Adorno
y Horkheimer, desde el campo de la Sociología, se ocupan de los Medios de
Comunicación de Masas y de las Industrias de la Cultura. Los dos investigadores
pertenecen a la llamada Primera
Generación de la Escuela de Frankfurt; la segunda está representada por Habermas. Desde el Centro de
Investigación de la Cultura de Masas, en el Instituto de Investigación social
de Frankfurt, en el que trabajaban muchos judíos, con la llegada del Hitler y
los nazis al poder se tienen que dispersar, reuniéndose posteriormente en el
exilio. Muchos de aquellos investigadores provienen de la crítica literaria.

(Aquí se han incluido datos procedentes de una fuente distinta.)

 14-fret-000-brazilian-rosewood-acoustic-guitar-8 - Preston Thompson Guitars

Adorno y Horkheimer comienzan sus
investigaciones en EE.UU., con un concepto muy elitista de la cultura y con la
vista puesta en la mejora de la sociedad. Los dos surayarán muy especialmente
su crítica a la hegemonía cultural y política de EE.UU., quienes, desde un
contexto sociológico y cultural europeos, se ven inmersos en un país
completamente nuevo y con una sociedad de consumo muy distinta de la que ellos
esperaban.
Su teoría crítica buscará una
reorganización racional de la sociedad, y ofrecerán una visión alternativa a
las Mass Communication Research
(“Investigación y Comunicación de Masas”). Los padres de la Teoría General de
la Comunicación eran entonces: Lazarsfeld, Hovland, Lewin, Lasswell, entre
otros. Adorno, al llegar a EE.UU. trabajará con Lazarsfeld, aunque el mismo
Adorno reconocerá que se trata de dos proyectos divergentes (el de la Escuela
de Frankfurt y el de los padres de la Teoría General de la Comunicación) con
intereses y metodologías también muy distintas.

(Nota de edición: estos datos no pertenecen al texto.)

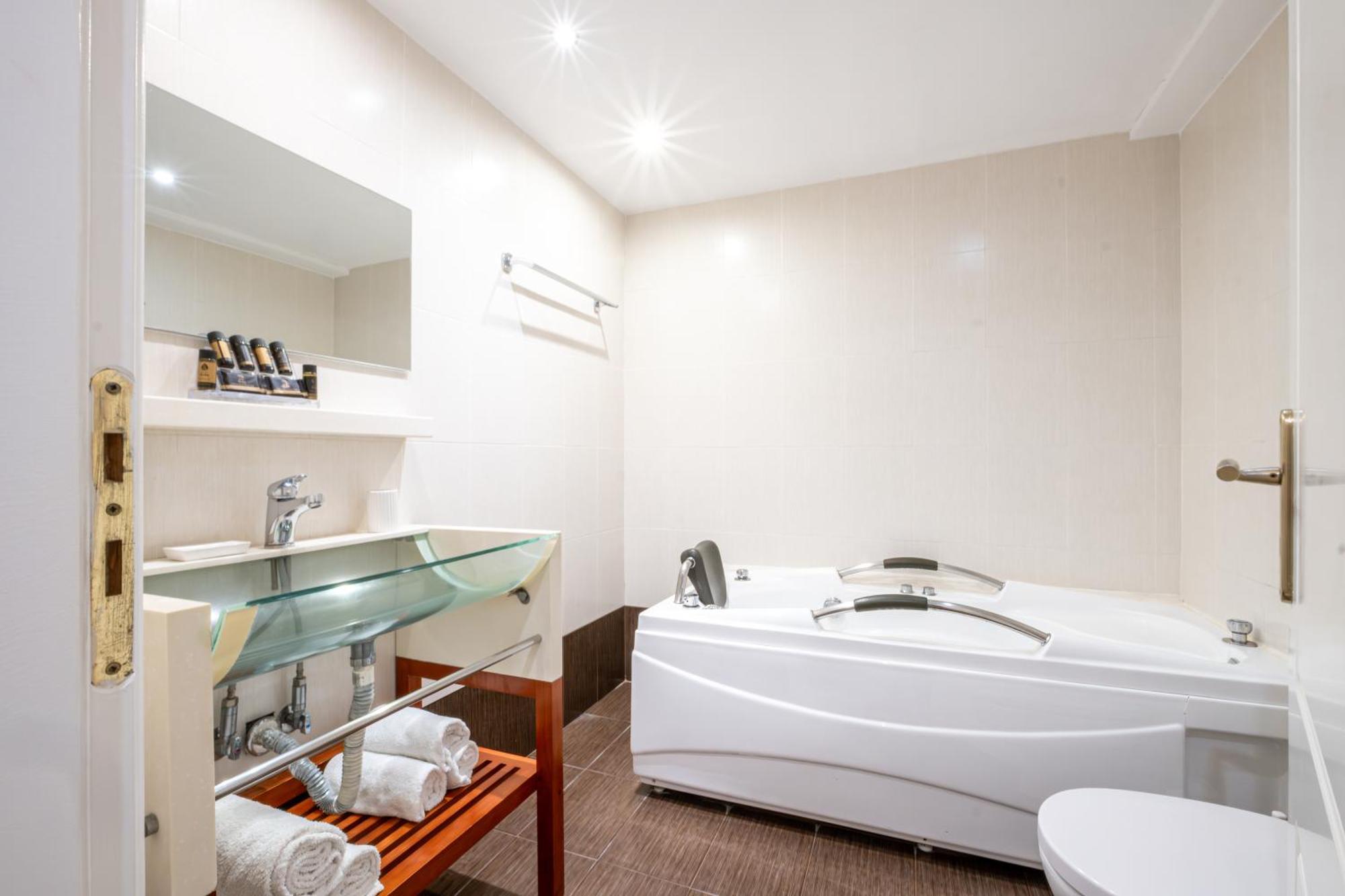 Samos Hotel 3*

Estos investigadores realizarán la
primera aproximación marxista al estudio de la Comunicación de Masas, siempre
condicionados por el contexto histórico y social. Entienden la sociedad como un
todo, por ello estudiar la Comunicación supone estudiar las fuerzas sociales
que la determinan. Reciben influencias de Marx, Freud y Weber. Defenderán que
los Medios de Comunicación serán los transmisores de la ideología dominante,
puesto que vienen legitimados por un orden desigual; al tiempo que se ocupan de
los fines del Sistema Comunicativo Comercial y Privado y por quienes lo
controlan: la cultura de masas y la racionalidad técnica. Con Marx estarán de
acuerdo cuando afirma que “las ideas de la clase dominante son en todas las
épocas las ideas dominantes”, y el hecho de que la clase que dispone de los
Medios de Producción Material es también la que controla las ideas rectoras de
su época. La cultura de masas es la que se produce en el Capitalismo destinada
a las masas; Adorno y Horkheimer usarán el término La Industria Cultural, señalando que la ilustración que propugna es
el engaño de las masas. Hablarán, pues, de la Dialéctica del Iluminismo: “La industria cultural: ilustración como
engaño de las masas”. El factor económico será muy tenido en cuenta en sus
análisis e investigaciones.
Las industrias de la cultura: ilustración
como engaño de las masas
Bajo los monopolios, toda cultura de
masas es idéntica. Los directivos ya no tratan de disimular el monopolio sino
en obtener más poder; un poder agresivo, violento. El urbanismo de los
regímenes autoritarios es similar al de los países de capitalismo democrático:
centros de poder, empresas transnacionales, multinacionales… todo eso son
planificaciones del nuevo sistema empresarial; en ellos radica el poder
absoluto del capitalismo, ante el cual, el individuo, aparentemente
independiente, queda prosternado y le hacen aún más servil. Los habitantes,
como productores y consumidores, son atraídos a esos centros urbanos en busca
de trabajo y placer. Así surgen conjuntos urbanos bien organizados y
uniformados en los que se unen lo microcósmico con lo macrocósmico, las nuevas
y frágiles estructuras de edificación, que pronto serán desechadas como latas
de sardinas, para las ferias mundiales. Ya no será necesario que el cine y la
radio busquen objetivos estéticos; son sólo negocios y esa es la base de su
ideología, la que justifica la morralla que producen intencionadamente, deliberadamente.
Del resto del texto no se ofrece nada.